Task details: Exact copy, no pictures: return only the lines below from the line with "Building Photo - 5621 Brent Dr" up to and including the line with "Used 2025 Zodiac Medline 7.5".

Data shown:

((

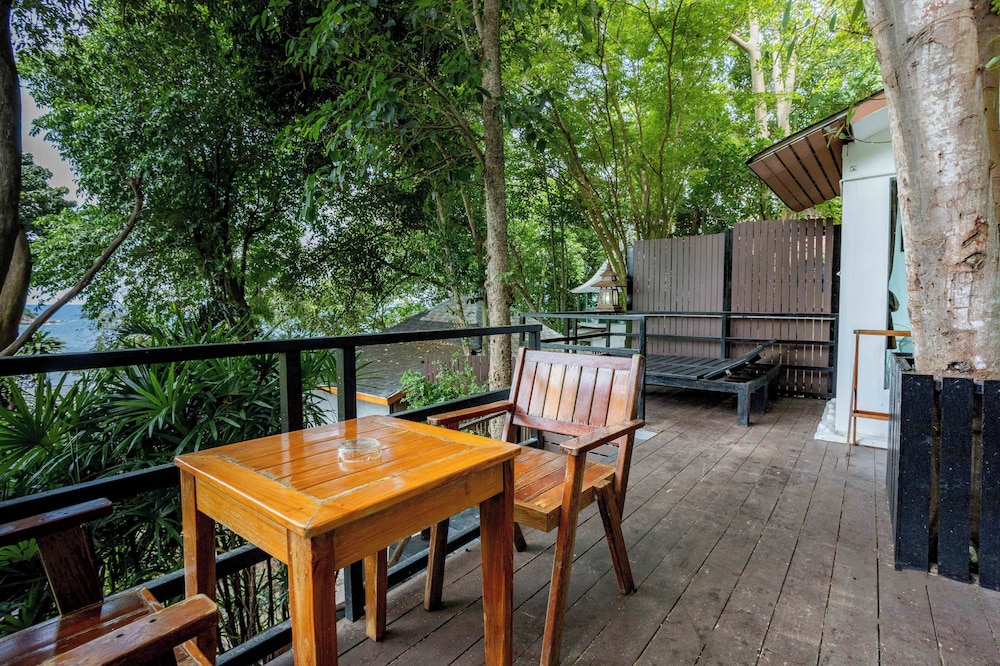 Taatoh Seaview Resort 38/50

))
((

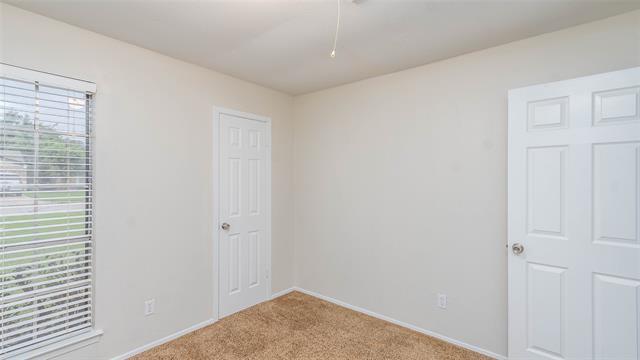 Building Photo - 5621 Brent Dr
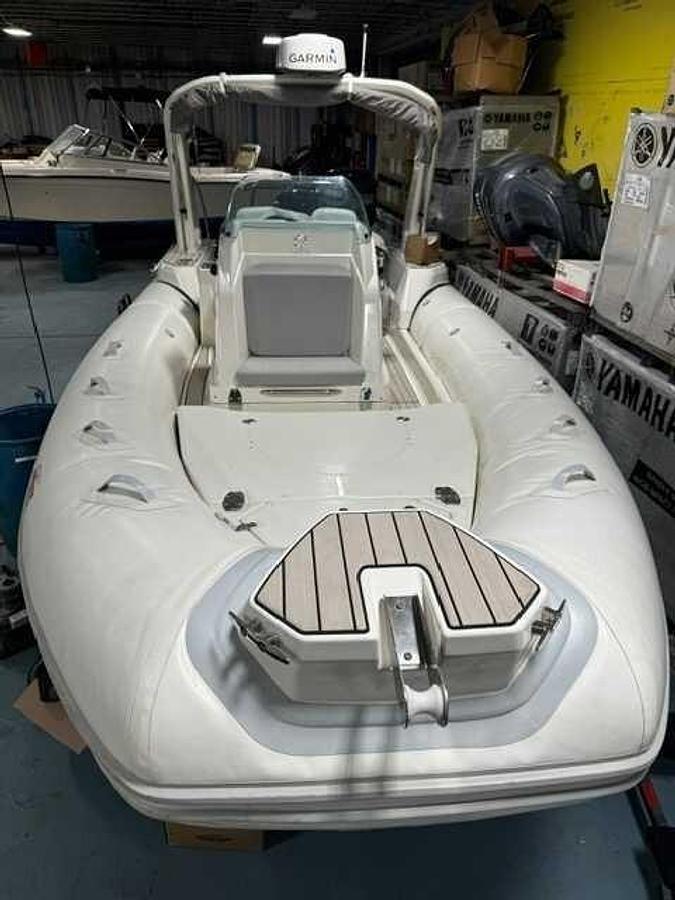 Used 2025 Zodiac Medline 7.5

))
((

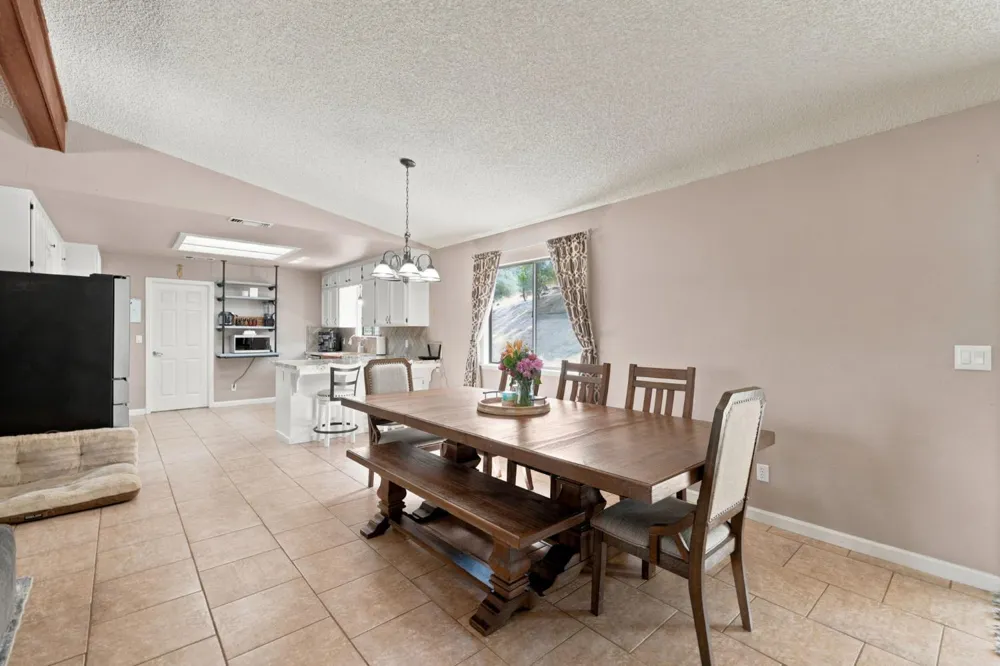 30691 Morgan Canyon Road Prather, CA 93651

))

Answer to this problem:
 Building Photo - 5621 Brent Dr
 Used 2025 Zodiac Medline 7.5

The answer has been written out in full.